Se, indiscutibilmente, è a questo punto che il ritratto dell’artista offre allo spettatore i suoi toni più “scuri”, facendo scivolare la donna in un cortocircuito di ossessioni a base di sesso (Olga) e morte (Krista), il rapporto con l’assistente personale è certamente il più interessante. Diligente, colta, mordace, la figura di Francesca Lentini incarna una duplice valenza: “copia”, forse un po’ meno talentuosa, dell’artista da giovane da un lato, “specchio” in cui si riflette il fantasma di Krista dall’altro. Nel tratto finale della parabola di Lydia, la decisione dell’assistente di allontanarsi da lei assume i contorni di una vera e propria vendetta, la dichiarazione di un odio a lungo celato, represso soltanto dall’ammirazione sconfinata per l’artista che lei stessa sogna di diventare. Sotto questo aspetto, la dissoluzione del potere si arricchisce di una patina oscura e irresistibile.
In maniera quasi paradossale, in un film in cui gli aspetti della vita intima non vengono praticamente mai mostrati e gran parte delle dinamiche è veicolata in un contesto ben definito, la natura di sentimenti tormentati e incerti emerge con una potenza sorprendente: ciò rende Tár un’opera davvero peculiare, in cui i movimenti della musica e quelli della psiche fanno tutt’uno. Lydia Tár è dissidio, profondo e agitato come i mari di Caspar David Friedrich: uno sturm und drang di immagini e suoni sensibilmente connessi, senza retoriche scontate.

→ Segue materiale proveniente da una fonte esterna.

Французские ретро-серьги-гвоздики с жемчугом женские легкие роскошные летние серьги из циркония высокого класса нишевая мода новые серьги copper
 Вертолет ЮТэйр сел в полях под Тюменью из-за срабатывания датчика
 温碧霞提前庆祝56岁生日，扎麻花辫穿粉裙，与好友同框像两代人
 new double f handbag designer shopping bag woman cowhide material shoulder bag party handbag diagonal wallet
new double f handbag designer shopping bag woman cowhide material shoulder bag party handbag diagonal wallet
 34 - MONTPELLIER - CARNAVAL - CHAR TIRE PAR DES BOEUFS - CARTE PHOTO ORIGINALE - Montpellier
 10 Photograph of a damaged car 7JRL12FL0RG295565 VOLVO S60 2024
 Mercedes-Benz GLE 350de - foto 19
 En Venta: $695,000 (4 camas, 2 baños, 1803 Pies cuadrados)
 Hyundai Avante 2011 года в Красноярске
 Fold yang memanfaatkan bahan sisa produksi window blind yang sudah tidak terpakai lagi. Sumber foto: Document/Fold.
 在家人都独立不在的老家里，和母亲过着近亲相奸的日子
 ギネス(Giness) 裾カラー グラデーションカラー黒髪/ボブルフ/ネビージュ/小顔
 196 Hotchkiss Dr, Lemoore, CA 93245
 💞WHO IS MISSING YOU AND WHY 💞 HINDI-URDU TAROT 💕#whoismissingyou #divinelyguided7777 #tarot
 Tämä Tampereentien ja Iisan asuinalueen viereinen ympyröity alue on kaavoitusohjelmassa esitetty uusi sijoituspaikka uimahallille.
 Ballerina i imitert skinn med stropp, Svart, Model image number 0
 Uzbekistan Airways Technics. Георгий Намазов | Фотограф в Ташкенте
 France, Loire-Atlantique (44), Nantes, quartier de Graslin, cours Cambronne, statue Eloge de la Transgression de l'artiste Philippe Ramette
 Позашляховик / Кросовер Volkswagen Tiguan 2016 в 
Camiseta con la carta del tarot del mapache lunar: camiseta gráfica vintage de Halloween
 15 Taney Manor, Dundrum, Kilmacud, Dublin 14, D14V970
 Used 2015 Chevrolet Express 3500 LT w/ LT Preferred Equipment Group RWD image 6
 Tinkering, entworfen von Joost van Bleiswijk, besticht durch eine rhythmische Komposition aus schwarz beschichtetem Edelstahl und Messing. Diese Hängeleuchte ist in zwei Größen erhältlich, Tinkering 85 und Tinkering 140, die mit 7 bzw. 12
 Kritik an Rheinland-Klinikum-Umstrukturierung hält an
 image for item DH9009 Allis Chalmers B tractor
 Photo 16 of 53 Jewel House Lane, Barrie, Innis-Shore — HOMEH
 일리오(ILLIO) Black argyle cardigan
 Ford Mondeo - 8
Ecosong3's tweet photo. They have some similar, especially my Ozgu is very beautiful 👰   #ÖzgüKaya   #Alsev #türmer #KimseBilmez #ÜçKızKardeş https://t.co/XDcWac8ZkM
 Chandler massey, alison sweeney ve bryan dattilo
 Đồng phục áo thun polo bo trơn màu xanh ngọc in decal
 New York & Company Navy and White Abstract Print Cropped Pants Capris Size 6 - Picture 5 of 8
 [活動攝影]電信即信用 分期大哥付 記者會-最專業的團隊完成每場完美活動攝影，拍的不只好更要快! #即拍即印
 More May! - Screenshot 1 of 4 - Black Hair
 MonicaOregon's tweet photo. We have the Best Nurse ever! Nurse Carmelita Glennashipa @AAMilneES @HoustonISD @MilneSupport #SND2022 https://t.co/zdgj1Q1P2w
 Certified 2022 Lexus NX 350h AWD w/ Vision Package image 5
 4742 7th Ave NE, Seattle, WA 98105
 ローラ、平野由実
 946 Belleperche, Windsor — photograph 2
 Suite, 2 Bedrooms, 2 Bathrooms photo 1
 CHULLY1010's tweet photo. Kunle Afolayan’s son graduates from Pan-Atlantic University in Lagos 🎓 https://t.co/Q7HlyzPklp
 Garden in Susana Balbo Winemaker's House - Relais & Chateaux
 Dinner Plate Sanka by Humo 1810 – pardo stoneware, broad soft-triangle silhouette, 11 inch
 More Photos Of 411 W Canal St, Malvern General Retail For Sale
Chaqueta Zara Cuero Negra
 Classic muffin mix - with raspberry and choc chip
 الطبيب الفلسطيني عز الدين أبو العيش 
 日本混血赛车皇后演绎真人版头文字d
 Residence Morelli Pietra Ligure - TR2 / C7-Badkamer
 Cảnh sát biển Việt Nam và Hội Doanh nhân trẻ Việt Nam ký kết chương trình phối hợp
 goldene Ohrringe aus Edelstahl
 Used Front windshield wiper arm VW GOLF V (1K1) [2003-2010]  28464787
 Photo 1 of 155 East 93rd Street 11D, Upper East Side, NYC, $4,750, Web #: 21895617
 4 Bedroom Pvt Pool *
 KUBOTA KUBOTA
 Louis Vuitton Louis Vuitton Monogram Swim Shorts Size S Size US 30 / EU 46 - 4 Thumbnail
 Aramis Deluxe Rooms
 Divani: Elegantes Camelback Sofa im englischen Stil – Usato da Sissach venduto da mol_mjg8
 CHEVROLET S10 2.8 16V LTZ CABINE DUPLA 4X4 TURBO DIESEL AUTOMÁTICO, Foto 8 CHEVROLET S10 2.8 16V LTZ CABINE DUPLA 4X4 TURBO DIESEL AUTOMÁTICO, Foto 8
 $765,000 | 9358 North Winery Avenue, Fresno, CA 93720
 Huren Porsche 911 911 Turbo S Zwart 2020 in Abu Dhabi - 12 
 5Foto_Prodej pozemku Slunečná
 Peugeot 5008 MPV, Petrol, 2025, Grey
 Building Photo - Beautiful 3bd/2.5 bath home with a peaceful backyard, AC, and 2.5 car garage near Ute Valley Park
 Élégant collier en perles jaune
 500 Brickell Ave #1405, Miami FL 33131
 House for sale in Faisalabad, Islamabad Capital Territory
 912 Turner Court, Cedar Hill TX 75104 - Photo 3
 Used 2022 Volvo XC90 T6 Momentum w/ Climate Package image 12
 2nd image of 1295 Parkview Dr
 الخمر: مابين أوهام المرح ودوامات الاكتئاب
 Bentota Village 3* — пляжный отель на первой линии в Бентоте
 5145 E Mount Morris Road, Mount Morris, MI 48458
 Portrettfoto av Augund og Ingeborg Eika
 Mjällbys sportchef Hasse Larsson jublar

Seguendo la parabola di una personalità dirompente (alla cui efficacia espressiva contribuisce decisamente la fisicità della diva Blanchett), segnata da un carisma con il quale sembra esercitare un controllo totale sulla realtà – dentro e fuori il perimetro della pedana – e dai contorni a tratti dispotici (come si osserva nell’episodio della “lezione” impartita ad uno studente gender che si rifiuta di suonare Bach), il film cristallizza i granelli che ne sgretolano il dominio; fino all’accusa che si abbatte come un ciclone sulla sua vita e sui suoi progetti, quando il dubbio che l’aveva già costretta in un serrato esame con la propria coscienza esplode in uno scandalo mediatico nutrito del peggiore giustizialismo, come in tante dinamiche del nostro tempo.
Rappresentazione delle derive del successo, dell’adulazione, del “lato oscuro” del carisma, in una sorta di Quarto potere del terzo millennio, il dramma di Tár abbraccia una dimensione politica forte, richiamando un clima da caccia alle streghe facilmente accostabile alle derive giustizialiste del movimento #metoo (“Se ti accusano, sei colpevole”) e le subdole trappole di un sistema che Field conosce fin troppo bene.
Un’opera che prende posizione, insomma, senza assolvere né colpevolizzare. Ma che invita a riconsiderare il concetto di politically correct e la sua influenza ormai incontrastata, nel discorso pubblico come nell’arte. Il tutto, attraverso un’esperienza cinematografica dall’alto valore immersivo, decisamente curata nella ricerca visiva e sonora e nell’indagine del contesto (sceneggiatura dello stesso Field, il cui talento di cineasta dovrebbe cimentarsi più spesso dietro la macchina da presa).